Can't write about guns in stories, and can't wear them on t-shirts.

Boy punished for T-shirt with gun image

Mon Mar 10, 1:29 PM ET[/i]

The family of a middle school student who was given detention for wearing a T-shirt bearing the image of a gun has filed a federal freedom of speech lawsuit against the school district.

Donald Miller III, 14, went to Penn Manor High School in December wearing a T-shirt he said was intended to honor his uncle, a U.S. Army soldier fighting in Iraq.

The shirt bears the image of a military sidearm and on the front pocket says "Volunteer Homeland Security." On the back, over another image of the weapon, are the words "Special issue Resident Lifetime License — United States Terrorist Hunting Permit — Permit No. 91101 — Gun Owner — No Bag Limit."

Officials at the Millersville school told him to turn his shirt inside out.

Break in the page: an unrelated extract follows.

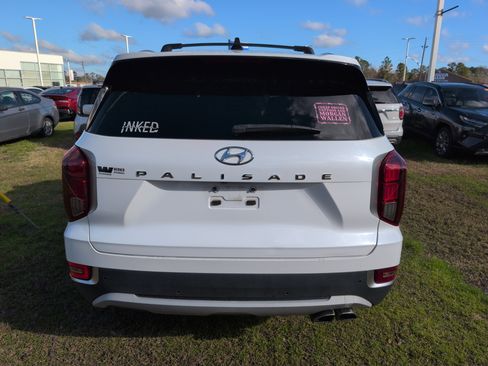 Used 2021 Hyundai Palisade SEL image 3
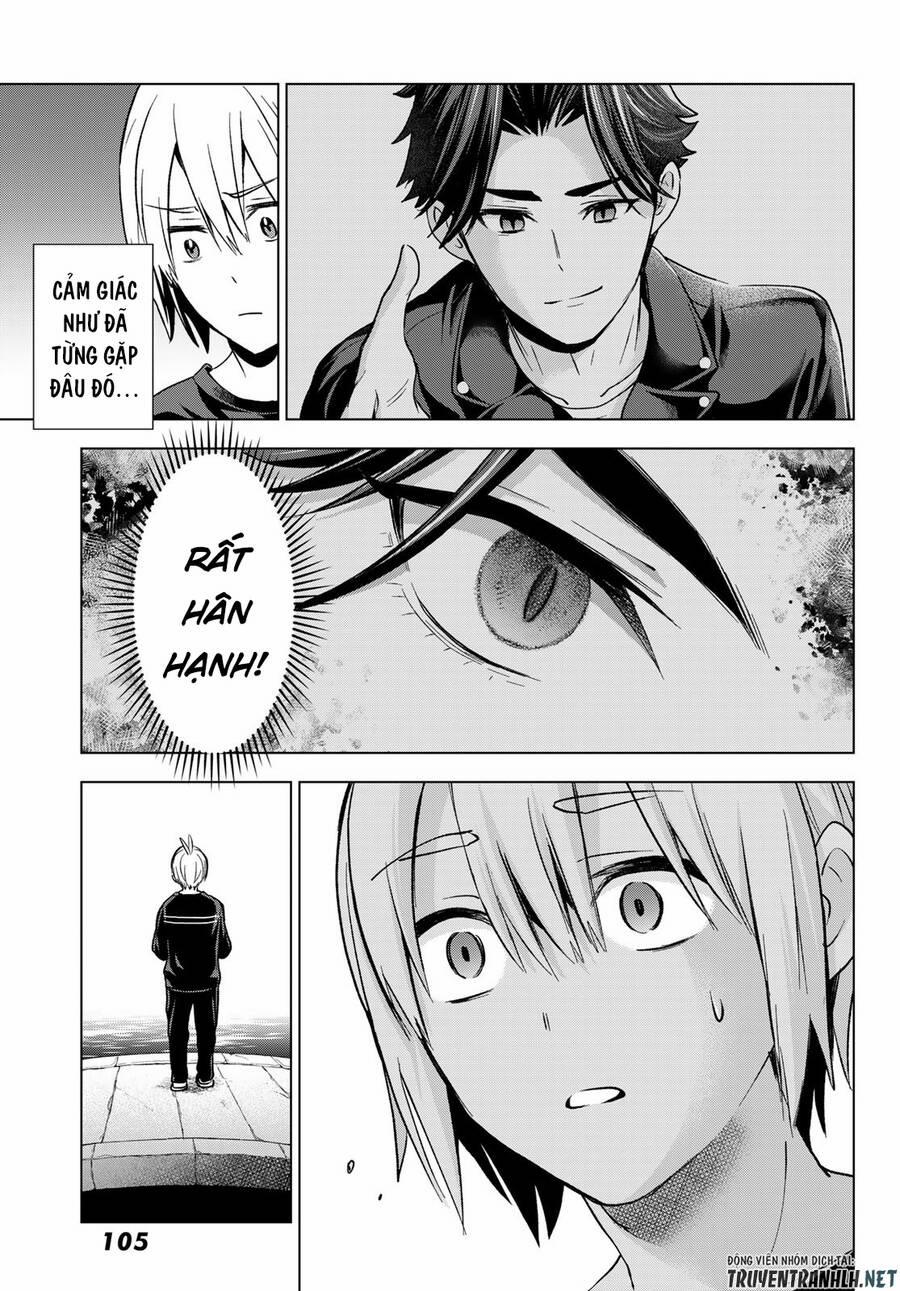 Every Day In A Vampire Family 16 trang 22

When Miller refused, he got two days of detention.

His parents, Donald and Tina Miller of Holtwood, have accused the Penn Manor School District in a lawsuit of violating their son's First Amendment rights with a "vague Orwellian policy" that stifles both patriotism and free speech.

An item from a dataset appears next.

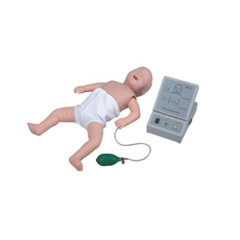 MÔ HÌNH HỒI SỨC TIM PHỔI TRẺ EM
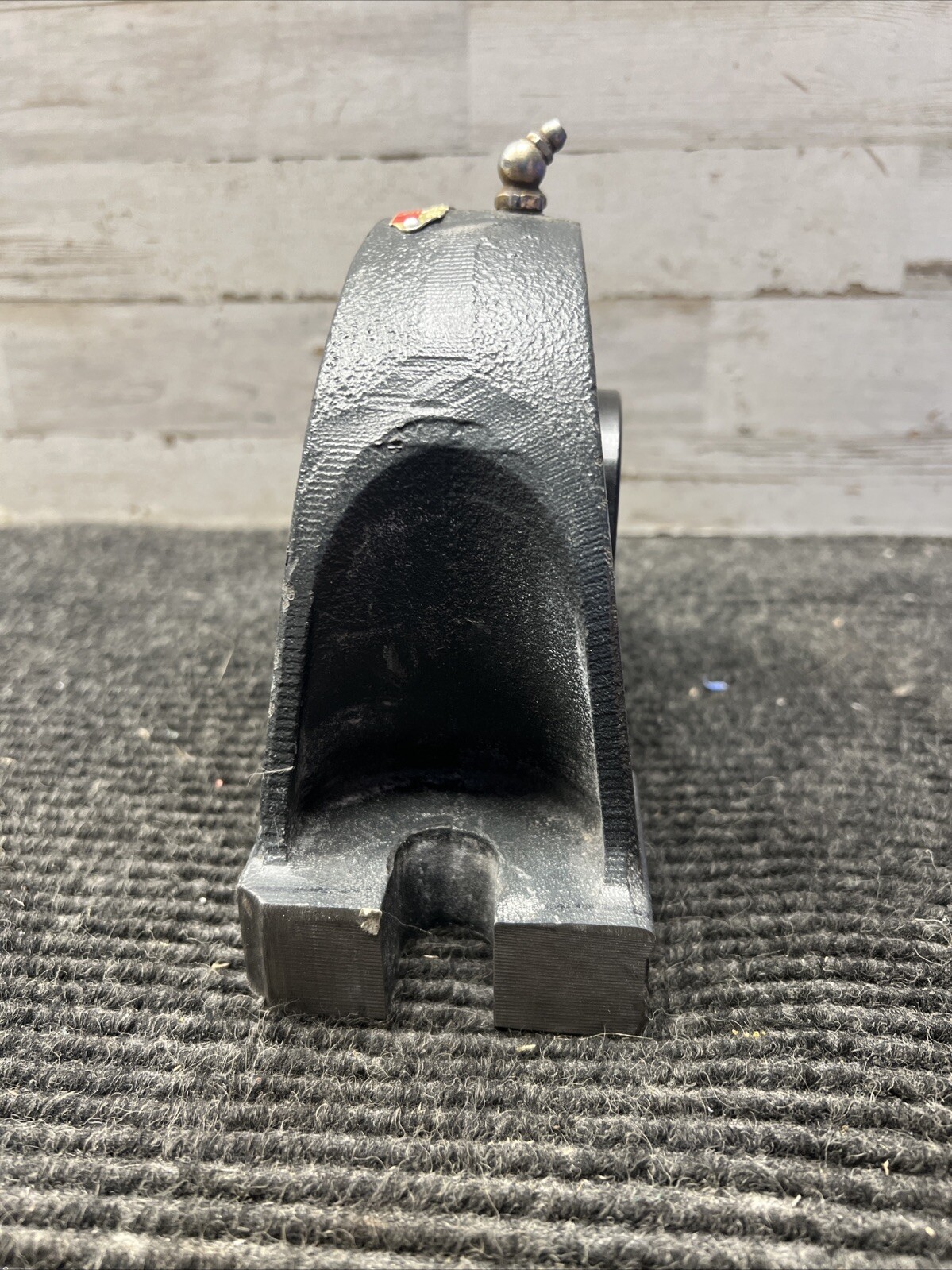 USED SEALMASTER EMP-35T PILLOW BLOCK BEARING, 2-3/16″ Bore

But an attorney for the school district said school must create a safe environment for students in the post-Columbine era, and bringing even the image of a gun to school violates the district's policy.

"There's a much higher level of sensitivity these days," Penn Manor attorney Kevin French said. "But it's based on reality."

The lawsuit was filed in January. A federal judge will hold a conference on the case March 31.